__DATA PROVIDED__:
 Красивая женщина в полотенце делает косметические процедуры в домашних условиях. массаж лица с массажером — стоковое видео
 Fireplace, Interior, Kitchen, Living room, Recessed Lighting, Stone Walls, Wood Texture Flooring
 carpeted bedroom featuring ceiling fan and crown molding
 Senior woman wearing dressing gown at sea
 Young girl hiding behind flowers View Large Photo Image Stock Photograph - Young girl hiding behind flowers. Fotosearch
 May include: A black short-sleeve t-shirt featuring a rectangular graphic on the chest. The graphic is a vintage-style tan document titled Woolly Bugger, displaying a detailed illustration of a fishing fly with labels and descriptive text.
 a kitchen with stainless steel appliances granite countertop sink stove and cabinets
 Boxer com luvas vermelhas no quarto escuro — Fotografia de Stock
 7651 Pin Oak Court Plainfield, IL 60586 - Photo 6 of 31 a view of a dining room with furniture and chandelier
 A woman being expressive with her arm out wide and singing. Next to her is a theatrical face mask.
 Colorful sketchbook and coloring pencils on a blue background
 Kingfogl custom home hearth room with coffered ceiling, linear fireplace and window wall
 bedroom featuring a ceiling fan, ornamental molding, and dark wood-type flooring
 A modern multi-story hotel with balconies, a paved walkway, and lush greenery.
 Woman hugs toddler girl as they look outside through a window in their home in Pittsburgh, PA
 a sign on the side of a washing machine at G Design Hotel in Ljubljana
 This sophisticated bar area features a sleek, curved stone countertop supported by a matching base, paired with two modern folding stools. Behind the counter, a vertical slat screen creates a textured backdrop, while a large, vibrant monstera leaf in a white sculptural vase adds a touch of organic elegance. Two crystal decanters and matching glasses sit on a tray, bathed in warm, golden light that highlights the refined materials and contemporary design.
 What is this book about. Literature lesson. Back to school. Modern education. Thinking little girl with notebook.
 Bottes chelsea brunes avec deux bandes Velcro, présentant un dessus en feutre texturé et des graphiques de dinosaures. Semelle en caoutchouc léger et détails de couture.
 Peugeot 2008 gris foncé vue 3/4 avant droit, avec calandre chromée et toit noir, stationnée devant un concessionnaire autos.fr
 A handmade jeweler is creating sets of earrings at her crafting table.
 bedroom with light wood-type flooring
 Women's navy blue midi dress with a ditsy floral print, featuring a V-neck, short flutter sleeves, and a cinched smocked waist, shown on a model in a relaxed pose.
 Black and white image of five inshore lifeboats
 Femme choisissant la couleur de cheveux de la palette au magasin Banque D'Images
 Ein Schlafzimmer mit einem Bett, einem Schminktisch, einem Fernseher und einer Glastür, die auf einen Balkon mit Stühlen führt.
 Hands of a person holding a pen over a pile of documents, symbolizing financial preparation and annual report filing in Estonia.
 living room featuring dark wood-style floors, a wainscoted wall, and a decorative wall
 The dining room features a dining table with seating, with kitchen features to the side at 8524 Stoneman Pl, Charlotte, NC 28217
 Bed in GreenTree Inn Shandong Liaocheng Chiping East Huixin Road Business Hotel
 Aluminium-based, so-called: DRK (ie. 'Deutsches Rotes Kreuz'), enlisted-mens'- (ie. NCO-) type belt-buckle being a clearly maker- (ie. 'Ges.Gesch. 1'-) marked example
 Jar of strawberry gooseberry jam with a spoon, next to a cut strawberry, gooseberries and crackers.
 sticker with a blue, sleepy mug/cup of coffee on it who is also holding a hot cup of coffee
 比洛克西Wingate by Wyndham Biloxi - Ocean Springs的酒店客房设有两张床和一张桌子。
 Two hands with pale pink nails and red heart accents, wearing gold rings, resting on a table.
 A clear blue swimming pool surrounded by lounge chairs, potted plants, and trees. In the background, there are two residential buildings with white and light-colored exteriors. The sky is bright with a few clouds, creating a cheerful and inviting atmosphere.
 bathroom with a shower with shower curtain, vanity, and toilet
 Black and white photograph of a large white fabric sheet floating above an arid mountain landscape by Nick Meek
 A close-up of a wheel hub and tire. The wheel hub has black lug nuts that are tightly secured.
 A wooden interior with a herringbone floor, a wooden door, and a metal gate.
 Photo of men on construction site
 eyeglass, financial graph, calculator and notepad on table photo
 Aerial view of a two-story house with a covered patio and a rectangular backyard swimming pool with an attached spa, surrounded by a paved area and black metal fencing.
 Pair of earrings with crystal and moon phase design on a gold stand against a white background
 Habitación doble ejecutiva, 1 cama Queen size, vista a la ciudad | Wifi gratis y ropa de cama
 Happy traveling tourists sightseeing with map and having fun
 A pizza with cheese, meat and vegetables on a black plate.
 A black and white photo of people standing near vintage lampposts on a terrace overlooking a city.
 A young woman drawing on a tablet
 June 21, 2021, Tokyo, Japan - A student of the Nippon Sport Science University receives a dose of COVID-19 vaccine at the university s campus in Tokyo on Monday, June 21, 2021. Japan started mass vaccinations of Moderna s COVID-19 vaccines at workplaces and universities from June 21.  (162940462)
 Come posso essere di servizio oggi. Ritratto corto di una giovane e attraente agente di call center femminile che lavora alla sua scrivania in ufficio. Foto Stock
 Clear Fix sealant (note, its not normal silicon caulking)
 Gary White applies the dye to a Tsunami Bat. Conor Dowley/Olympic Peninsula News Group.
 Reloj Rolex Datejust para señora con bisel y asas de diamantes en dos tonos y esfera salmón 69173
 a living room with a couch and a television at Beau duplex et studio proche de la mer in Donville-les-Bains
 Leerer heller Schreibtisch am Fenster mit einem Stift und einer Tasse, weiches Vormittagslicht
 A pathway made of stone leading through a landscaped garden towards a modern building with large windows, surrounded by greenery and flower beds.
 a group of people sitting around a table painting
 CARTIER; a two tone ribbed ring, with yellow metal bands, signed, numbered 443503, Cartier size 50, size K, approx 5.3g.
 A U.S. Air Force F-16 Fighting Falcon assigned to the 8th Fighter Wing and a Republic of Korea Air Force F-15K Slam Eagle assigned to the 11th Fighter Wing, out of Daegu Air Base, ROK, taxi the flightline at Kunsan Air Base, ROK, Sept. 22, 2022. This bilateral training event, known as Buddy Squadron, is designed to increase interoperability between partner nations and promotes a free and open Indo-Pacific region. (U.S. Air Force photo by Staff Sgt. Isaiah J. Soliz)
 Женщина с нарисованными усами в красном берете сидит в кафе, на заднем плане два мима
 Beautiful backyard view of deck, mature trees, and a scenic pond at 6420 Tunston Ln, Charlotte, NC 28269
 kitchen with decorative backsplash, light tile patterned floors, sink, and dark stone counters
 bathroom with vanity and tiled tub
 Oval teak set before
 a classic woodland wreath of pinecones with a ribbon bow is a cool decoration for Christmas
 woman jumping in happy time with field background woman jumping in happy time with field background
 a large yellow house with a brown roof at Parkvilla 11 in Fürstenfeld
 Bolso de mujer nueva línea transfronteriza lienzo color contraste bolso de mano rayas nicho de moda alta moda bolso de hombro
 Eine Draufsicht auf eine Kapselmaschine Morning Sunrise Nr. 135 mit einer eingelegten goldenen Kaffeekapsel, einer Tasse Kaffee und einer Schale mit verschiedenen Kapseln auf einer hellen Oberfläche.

__YOUR INSTRUCTIONS__:
All lines of the data are to be repeated exactly as they stand.

__ANSWER AREA__:
 Красивая женщина в полотенце делает косметические процедуры в домашних условиях. массаж лица с массажером — стоковое видео
 Fireplace, Interior, Kitchen, Living room, Recessed Lighting, Stone Walls, Wood Texture Flooring
 carpeted bedroom featuring ceiling fan and crown molding
 Senior woman wearing dressing gown at sea
 Young girl hiding behind flowers View Large Photo Image Stock Photograph - Young girl hiding behind flowers. Fotosearch
 May include: A black short-sleeve t-shirt featuring a rectangular graphic on the chest. The graphic is a vintage-style tan document titled Woolly Bugger, displaying a detailed illustration of a fishing fly with labels and descriptive text.
 a kitchen with stainless steel appliances granite countertop sink stove and cabinets
 Boxer com luvas vermelhas no quarto escuro — Fotografia de Stock
 7651 Pin Oak Court Plainfield, IL 60586 - Photo 6 of 31 a view of a dining room with furniture and chandelier
 A woman being expressive with her arm out wide and singing. Next to her is a theatrical face mask.
 Colorful sketchbook and coloring pencils on a blue background
 Kingfogl custom home hearth room with coffered ceiling, linear fireplace and window wall
 bedroom featuring a ceiling fan, ornamental molding, and dark wood-type flooring
 A modern multi-story hotel with balconies, a paved walkway, and lush greenery.
 Woman hugs toddler girl as they look outside through a window in their home in Pittsburgh, PA
 a sign on the side of a washing machine at G Design Hotel in Ljubljana
 This sophisticated bar area features a sleek, curved stone countertop supported by a matching base, paired with two modern folding stools. Behind the counter, a vertical slat screen creates a textured backdrop, while a large, vibrant monstera leaf in a white sculptural vase adds a touch of organic elegance. Two crystal decanters and matching glasses sit on a tray, bathed in warm, golden light that highlights the refined materials and contemporary design.
 What is this book about. Literature lesson. Back to school. Modern education. Thinking little girl with notebook.
 Bottes chelsea brunes avec deux bandes Velcro, présentant un dessus en feutre texturé et des graphiques de dinosaures. Semelle en caoutchouc léger et détails de couture.
 Peugeot 2008 gris foncé vue 3/4 avant droit, avec calandre chromée et toit noir, stationnée devant un concessionnaire autos.fr
 A handmade jeweler is creating sets of earrings at her crafting table.
 bedroom with light wood-type flooring
 Women's navy blue midi dress with a ditsy floral print, featuring a V-neck, short flutter sleeves, and a cinched smocked waist, shown on a model in a relaxed pose.
 Black and white image of five inshore lifeboats
 Femme choisissant la couleur de cheveux de la palette au magasin Banque D'Images
 Ein Schlafzimmer mit einem Bett, einem Schminktisch, einem Fernseher und einer Glastür, die auf einen Balkon mit Stühlen führt.
 Hands of a person holding a pen over a pile of documents, symbolizing financial preparation and annual report filing in Estonia.
 living room featuring dark wood-style floors, a wainscoted wall, and a decorative wall
 The dining room features a dining table with seating, with kitchen features to the side at 8524 Stoneman Pl, Charlotte, NC 28217
 Bed in GreenTree Inn Shandong Liaocheng Chiping East Huixin Road Business Hotel
 Aluminium-based, so-called: DRK (ie. 'Deutsches Rotes Kreuz'), enlisted-mens'- (ie. NCO-) type belt-buckle being a clearly maker- (ie. 'Ges.Gesch. 1'-) marked example
 Jar of strawberry gooseberry jam with a spoon, next to a cut strawberry, gooseberries and crackers.
 sticker with a blue, sleepy mug/cup of coffee on it who is also holding a hot cup of coffee
 比洛克西Wingate by Wyndham Biloxi - Ocean Springs的酒店客房设有两张床和一张桌子。
 Two hands with pale pink nails and red heart accents, wearing gold rings, resting on a table.
 A clear blue swimming pool surrounded by lounge chairs, potted plants, and trees. In the background, there are two residential buildings with white and light-colored exteriors. The sky is bright with a few clouds, creating a cheerful and inviting atmosphere.
 bathroom with a shower with shower curtain, vanity, and toilet
 Black and white photograph of a large white fabric sheet floating above an arid mountain landscape by Nick Meek
 A close-up of a wheel hub and tire. The wheel hub has black lug nuts that are tightly secured.
 A wooden interior with a herringbone floor, a wooden door, and a metal gate.
 Photo of men on construction site
 eyeglass, financial graph, calculator and notepad on table photo
 Aerial view of a two-story house with a covered patio and a rectangular backyard swimming pool with an attached spa, surrounded by a paved area and black metal fencing.
 Pair of earrings with crystal and moon phase design on a gold stand against a white background
 Habitación doble ejecutiva, 1 cama Queen size, vista a la ciudad | Wifi gratis y ropa de cama
 Happy traveling tourists sightseeing with map and having fun
 A pizza with cheese, meat and vegetables on a black plate.
 A black and white photo of people standing near vintage lampposts on a terrace overlooking a city.
 A young woman drawing on a tablet
 June 21, 2021, Tokyo, Japan - A student of the Nippon Sport Science University receives a dose of COVID-19 vaccine at the university s campus in Tokyo on Monday, June 21, 2021. Japan started mass vaccinations of Moderna s COVID-19 vaccines at workplaces and universities from June 21.  (162940462)
 Come posso essere di servizio oggi. Ritratto corto di una giovane e attraente agente di call center femminile che lavora alla sua scrivania in ufficio. Foto Stock
 Clear Fix sealant (note, its not normal silicon caulking)
 Gary White applies the dye to a Tsunami Bat. Conor Dowley/Olympic Peninsula News Group.
 Reloj Rolex Datejust para señora con bisel y asas de diamantes en dos tonos y esfera salmón 69173
 a living room with a couch and a television at Beau duplex et studio proche de la mer in Donville-les-Bains
 Leerer heller Schreibtisch am Fenster mit einem Stift und einer Tasse, weiches Vormittagslicht
 A pathway made of stone leading through a landscaped garden towards a modern building with large windows, surrounded by greenery and flower beds.
 a group of people sitting around a table painting
 CARTIER; a two tone ribbed ring, with yellow metal bands, signed, numbered 443503, Cartier size 50, size K, approx 5.3g.
 A U.S. Air Force F-16 Fighting Falcon assigned to the 8th Fighter Wing and a Republic of Korea Air Force F-15K Slam Eagle assigned to the 11th Fighter Wing, out of Daegu Air Base, ROK, taxi the flightline at Kunsan Air Base, ROK, Sept. 22, 2022. This bilateral training event, known as Buddy Squadron, is designed to increase interoperability between partner nations and promotes a free and open Indo-Pacific region. (U.S. Air Force photo by Staff Sgt. Isaiah J. Soliz)
 Женщина с нарисованными усами в красном берете сидит в кафе, на заднем плане два мима
 Beautiful backyard view of deck, mature trees, and a scenic pond at 6420 Tunston Ln, Charlotte, NC 28269
 kitchen with decorative backsplash, light tile patterned floors, sink, and dark stone counters
 bathroom with vanity and tiled tub
 Oval teak set before
 a classic woodland wreath of pinecones with a ribbon bow is a cool decoration for Christmas
 woman jumping in happy time with field background woman jumping in happy time with field background
 a large yellow house with a brown roof at Parkvilla 11 in Fürstenfeld
 Bolso de mujer nueva línea transfronteriza lienzo color contraste bolso de mano rayas nicho de moda alta moda bolso de hombro
 Eine Draufsicht auf eine Kapselmaschine Morning Sunrise Nr. 135 mit einer eingelegten goldenen Kaffeekapsel, einer Tasse Kaffee und einer Schale mit verschiedenen Kapseln auf einer hellen Oberfläche.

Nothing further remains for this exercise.